Angespielt! Shadow of the Tomb Raider

Wow! Was für zwei intensive Stunden das waren. Auf dem großen Pre-E3-Event in London konnte die Presse nicht nur Dragon Quest XI: Streiter des Schicksals...

Wow! Was für zwei intensive Stunden das waren. Auf dem großen Pre-E3-Event in London konnte die Presse nicht nur Dragon Quest XI: Streiter des Schicksals anspielen (hier unsere positiven ersten Eindrücke), sondern auch Eidos Montreals neusten Streich: Shadow of the Tomb Raider. Mit einer kurzen Demo im Gepäck reisten Jill Murray (Lead Writer) und Arne Oehme (Level Design Director) nach England, um der Presse Rede und Antwort zu stehen und diese für kurze Zeit nach Cozumel in Mexiko zu schicken. Warum sich der dritte Teil der Reboot-Reihe bereits nach so kurzer Zeit schon vor den beiden Prequels positioniert, erfahrt ihr im folgenden Text.

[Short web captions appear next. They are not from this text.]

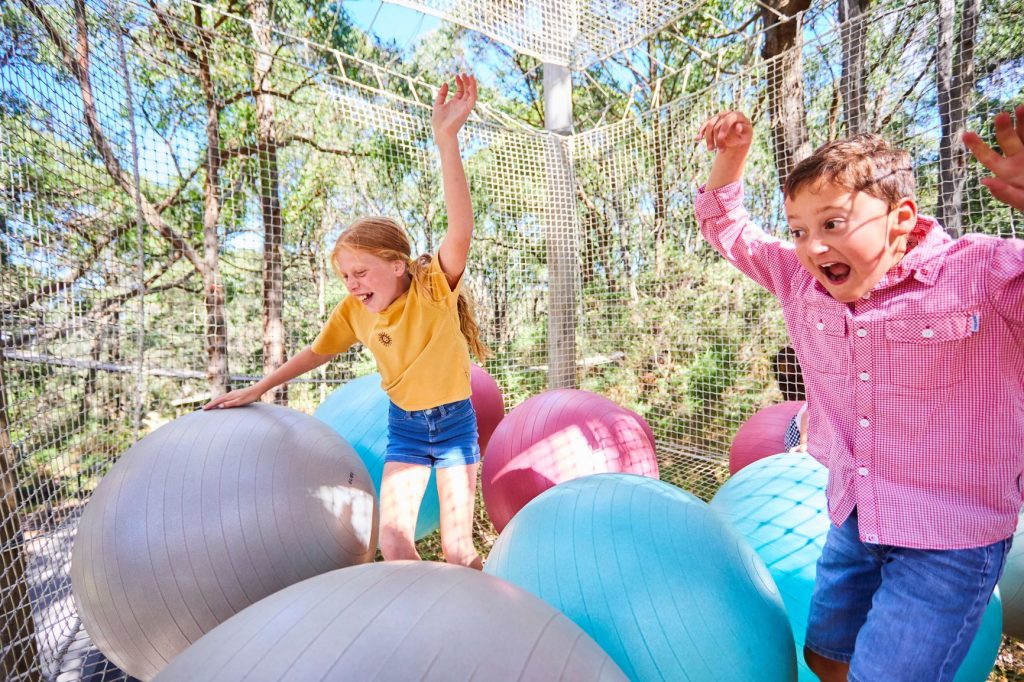 Boy and girl playing in enclosed net ball pit in the Sky Scramble attraction at Enchanted Adventure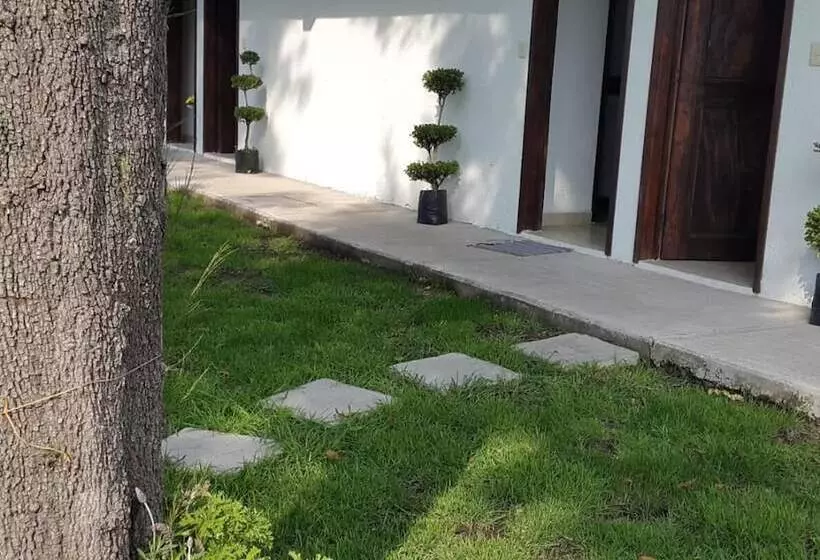 Hostelli Posada Yauhtli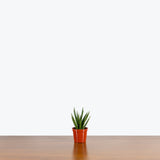 Sansevieria Francisii Spiky — 2.5" Pot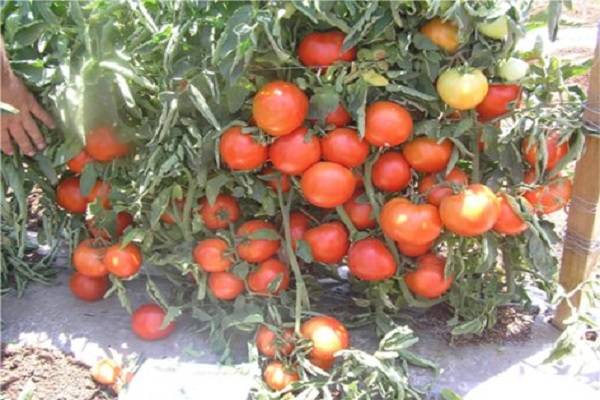 Лучшие новые сорта и гибриды томатов для теплицы и открытого грунта. список названий с фото — ботаничка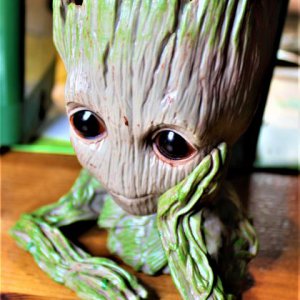 Groot!!!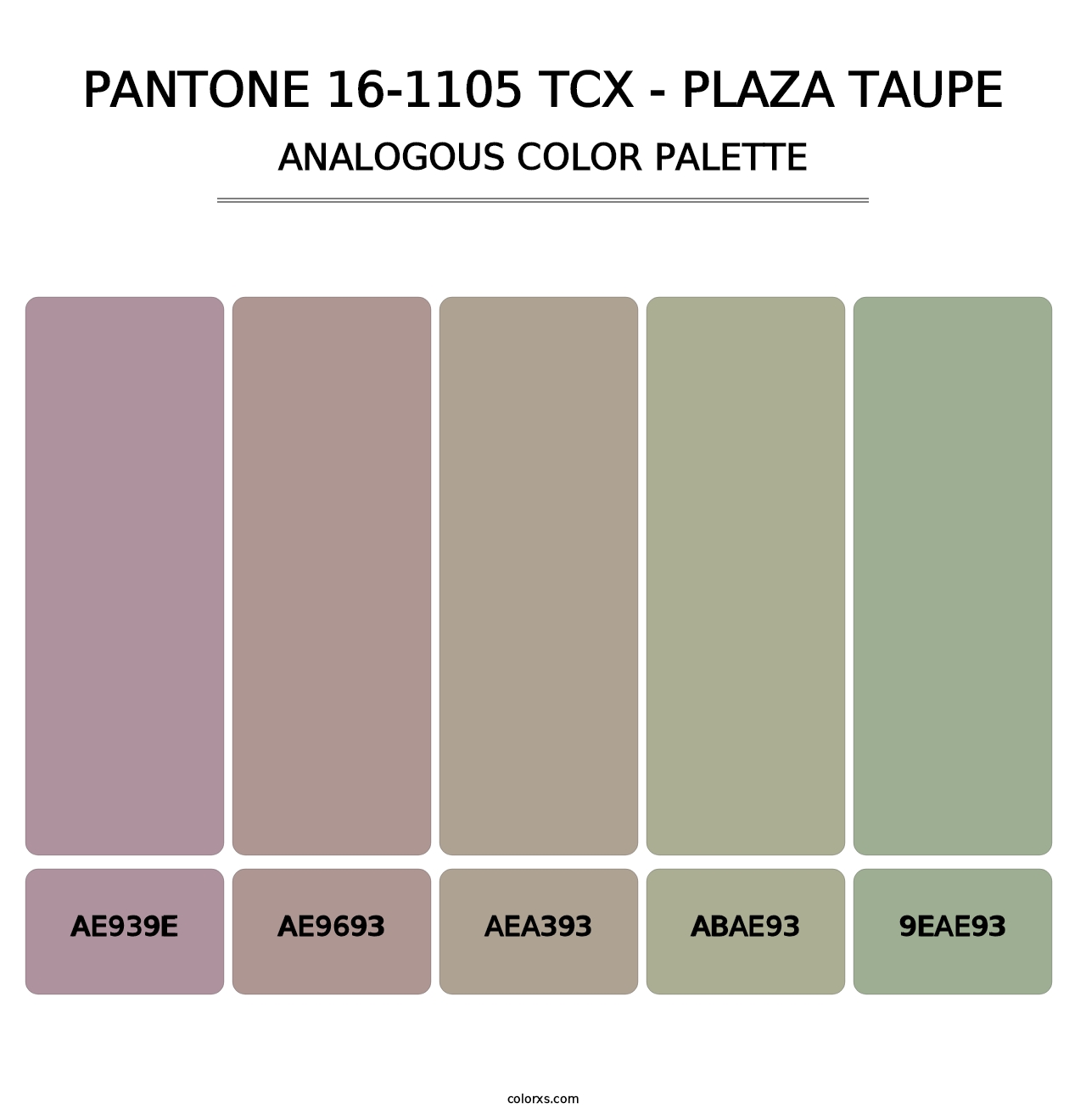 PANTONE 16-1105 TCX - Plaza Taupe - Analogous Color Palette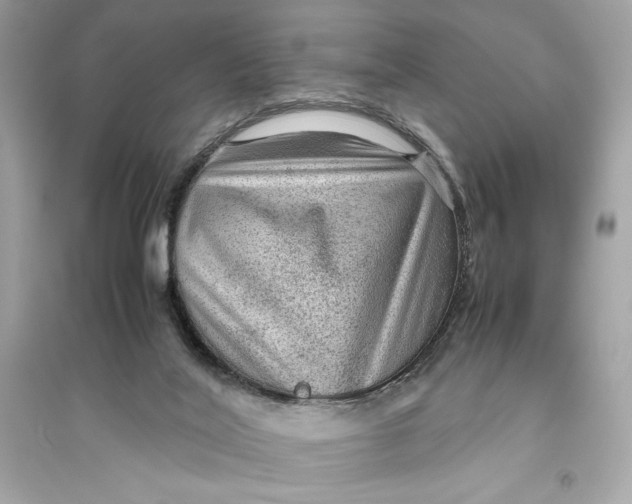 X0000094820020200711301639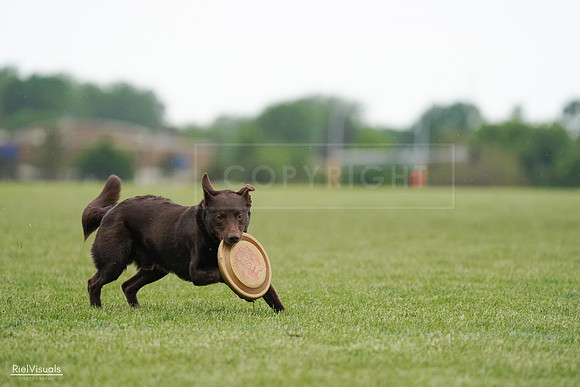 RielVisuals_20240526_091041_SJR09358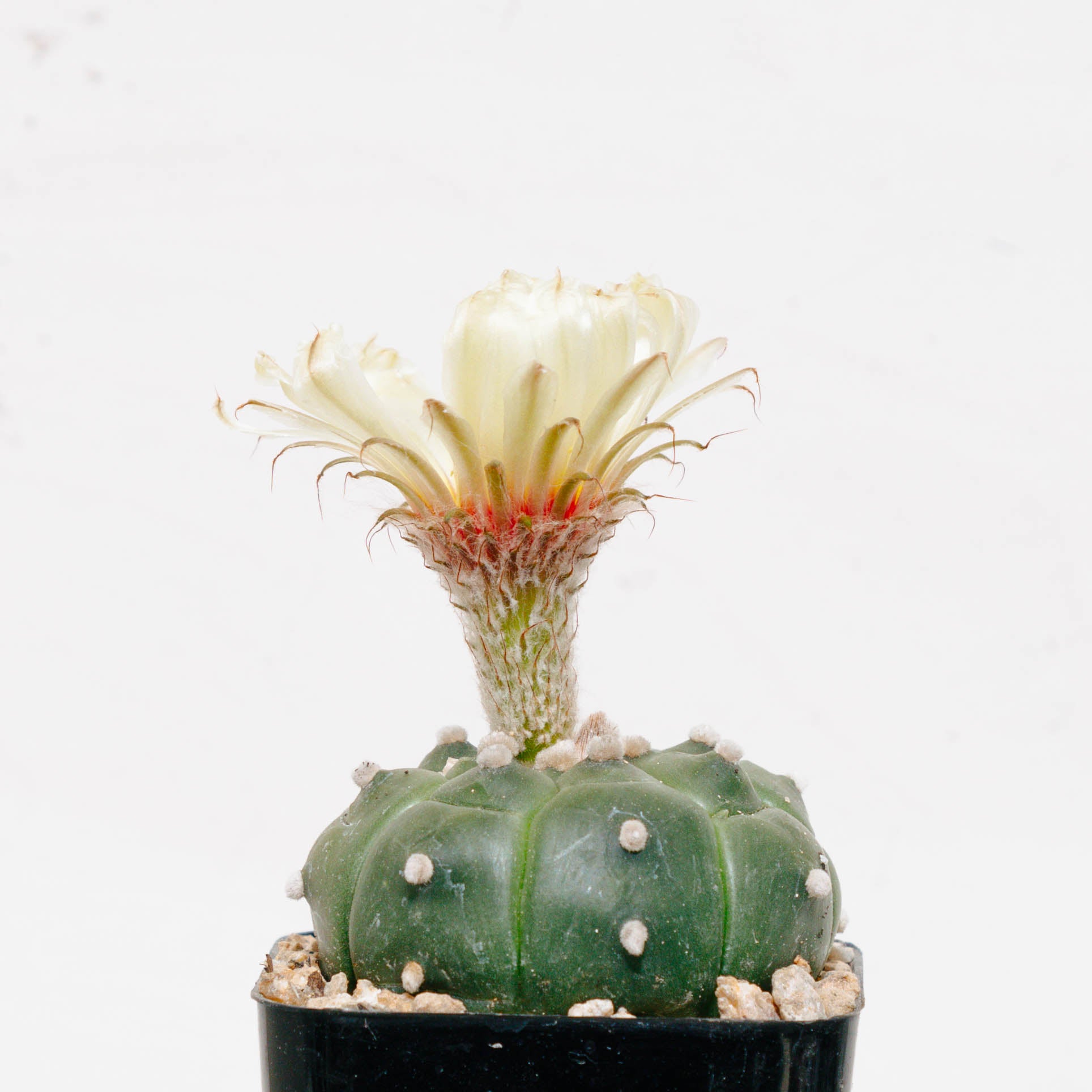 Astrophytum asterias cv. Kikko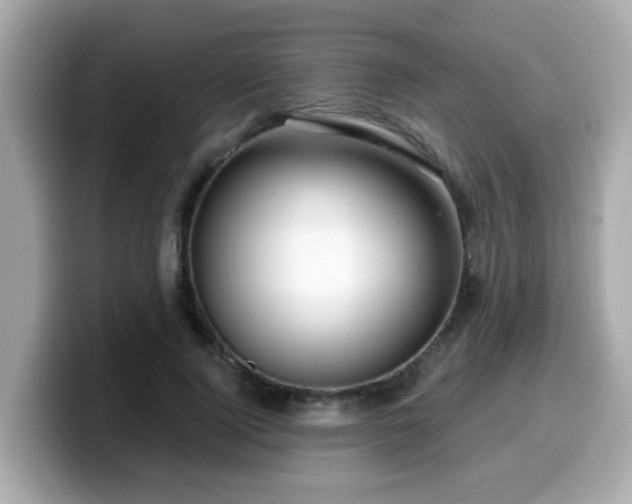 X0000099560740200805231512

Shadow of the Tomb Raider sieht einfach fantastisch aus. Von einer kleinen Stadt in Mexiko bis hin zur apokalyptischen Flutwelle.

Der Haupt-Ankerpunkt der letzten beiden Spiele war, neben Lara selbst, Trinity. Eine geheimnisvolle Organisation, die alte und mächtige Reliquien jagt, um damit den Lauf der Welt zu verändern. In Shadow of the Tomb Raider wird hier weiter angesetzt und die Demo beginnt mit dem Auftrag, ein Trinity-Mitglied unauffällig zu verfolgen. Das Ganze passiert in Cozumel, Mexiko, einer kleinen Stadt, die zu diesem Zeitpunkt das Fest der Toten feiert. Die ganze Stadt ist mit Masken und Figuren geschmückt, Kinder erfreuen sich an Feuerwerkskörpern und die Einwohner genießen die Festivitäten mit guten Getränken und Tanzeinlagen. Während Lara die Zielperson verfolgt, erlebt der Spieler Cozumel und seine Bewohner aus nächster Nähe.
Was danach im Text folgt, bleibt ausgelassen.